The authors of the declaration, led by Peter Doshi, a postdoctoral fellow at Johns Hopkins University School of Medicine, will contact manufacturers of trials, asking them to signal their intent within 30 days to publish previously unpublished trials and formally correct previously misreported trials (i.e. to restore abandoned trials).
They propose that if anyone who declares an intention to publish or correct does not do so within one year, all publicly available data for such trials should be considered “public access data” that others are allowed to publish.
This declaration, they say, “offers sponsors and trialists an opportunity to publish or formally correct their studies” – or otherwise see those abandoned studies published or republished by others.

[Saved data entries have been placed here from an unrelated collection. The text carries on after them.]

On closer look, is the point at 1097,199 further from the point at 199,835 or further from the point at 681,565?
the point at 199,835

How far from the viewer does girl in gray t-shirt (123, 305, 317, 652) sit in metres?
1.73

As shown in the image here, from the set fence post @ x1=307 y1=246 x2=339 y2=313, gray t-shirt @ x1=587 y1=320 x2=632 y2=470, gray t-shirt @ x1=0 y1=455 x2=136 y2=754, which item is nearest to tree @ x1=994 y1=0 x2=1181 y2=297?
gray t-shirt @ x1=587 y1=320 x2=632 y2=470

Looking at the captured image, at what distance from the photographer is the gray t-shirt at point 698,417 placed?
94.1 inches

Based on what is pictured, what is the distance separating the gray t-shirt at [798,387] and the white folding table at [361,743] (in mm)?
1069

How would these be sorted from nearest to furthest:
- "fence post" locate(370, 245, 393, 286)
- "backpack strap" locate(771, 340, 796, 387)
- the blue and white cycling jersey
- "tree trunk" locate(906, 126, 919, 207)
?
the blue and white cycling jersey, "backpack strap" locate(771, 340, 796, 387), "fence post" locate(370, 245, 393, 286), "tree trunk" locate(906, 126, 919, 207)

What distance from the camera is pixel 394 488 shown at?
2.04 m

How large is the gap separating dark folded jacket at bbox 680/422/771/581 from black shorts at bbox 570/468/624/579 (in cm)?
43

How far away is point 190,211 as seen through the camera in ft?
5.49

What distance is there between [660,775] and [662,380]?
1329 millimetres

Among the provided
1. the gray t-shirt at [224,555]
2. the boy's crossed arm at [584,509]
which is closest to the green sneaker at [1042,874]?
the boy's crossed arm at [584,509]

New freedom of information policies means the public and the authors have access to around 178,000 pages of previously confidential trial documents and clinical study reports for widely used drugs for depression, heart disease, epilepsy and influenza. Some trials remain unpublished years after completion, while others have been published but have been shown to contain inaccuracies.
They say they are committed to seeing the findings from abandoned trials published – and misreported trials corrected and republished – and they set out a method for responsibly restoring invisible and abandoned trials (RIAT). “We see RIAT as a collaborative, global effort, and over the next year we hope to discuss and debate our proposal at appropriate venues,” they write.

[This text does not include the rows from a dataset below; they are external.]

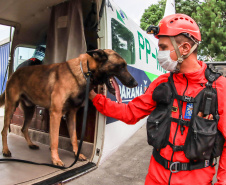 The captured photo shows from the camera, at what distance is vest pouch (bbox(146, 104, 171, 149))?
1497 mm

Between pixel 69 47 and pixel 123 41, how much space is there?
1.08 metres

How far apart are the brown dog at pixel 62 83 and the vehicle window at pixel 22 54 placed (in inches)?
55.8

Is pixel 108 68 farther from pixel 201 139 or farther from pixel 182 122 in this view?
pixel 201 139

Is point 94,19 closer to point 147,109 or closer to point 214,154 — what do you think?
point 147,109

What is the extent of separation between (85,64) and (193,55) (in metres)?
1.68

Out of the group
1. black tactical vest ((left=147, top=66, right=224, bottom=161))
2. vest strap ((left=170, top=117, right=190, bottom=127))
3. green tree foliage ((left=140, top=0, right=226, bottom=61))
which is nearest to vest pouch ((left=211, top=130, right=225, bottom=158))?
black tactical vest ((left=147, top=66, right=224, bottom=161))

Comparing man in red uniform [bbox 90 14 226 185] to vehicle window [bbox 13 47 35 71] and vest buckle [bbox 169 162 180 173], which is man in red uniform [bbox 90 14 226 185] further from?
vehicle window [bbox 13 47 35 71]

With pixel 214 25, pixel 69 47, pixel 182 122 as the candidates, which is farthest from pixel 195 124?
pixel 214 25

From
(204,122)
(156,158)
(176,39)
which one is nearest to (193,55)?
(176,39)

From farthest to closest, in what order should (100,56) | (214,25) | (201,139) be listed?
(214,25), (100,56), (201,139)

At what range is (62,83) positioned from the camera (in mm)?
3055

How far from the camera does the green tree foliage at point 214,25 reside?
1667 cm

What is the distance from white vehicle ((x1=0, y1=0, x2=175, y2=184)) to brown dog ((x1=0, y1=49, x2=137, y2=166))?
361mm

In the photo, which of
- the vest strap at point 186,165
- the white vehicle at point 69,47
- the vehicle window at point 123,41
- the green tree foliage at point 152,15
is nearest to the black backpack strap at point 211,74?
the vest strap at point 186,165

As such, they call on others to join them as volunteers “in place of those who should have but did not make trial reports visible and accessible.” And they ask medical journal editors to endorse the concept of restorative authorship to “help the effort to complete and correct the scientific record.”
In an accompanying editorial, editors at The BMJ and PLOS Medicine say Doshi and colleagues “offer a bold remedy” to help restore the integrity of the clinical trial evidence base.
They explain that the results of clinical trials “are a public, not a private, good” and that the public interest “requires that we have a complete view of previously conducted trials and a mechanism to correct the record for inaccurately or unreported trials.”
They conclude: “If we do not act on this opportunity to refurbish and restore abandoned trials, the medical research community will be failing its moral pact with research participants, patients, and the public. It is time to move from whether to how, and from words to action.”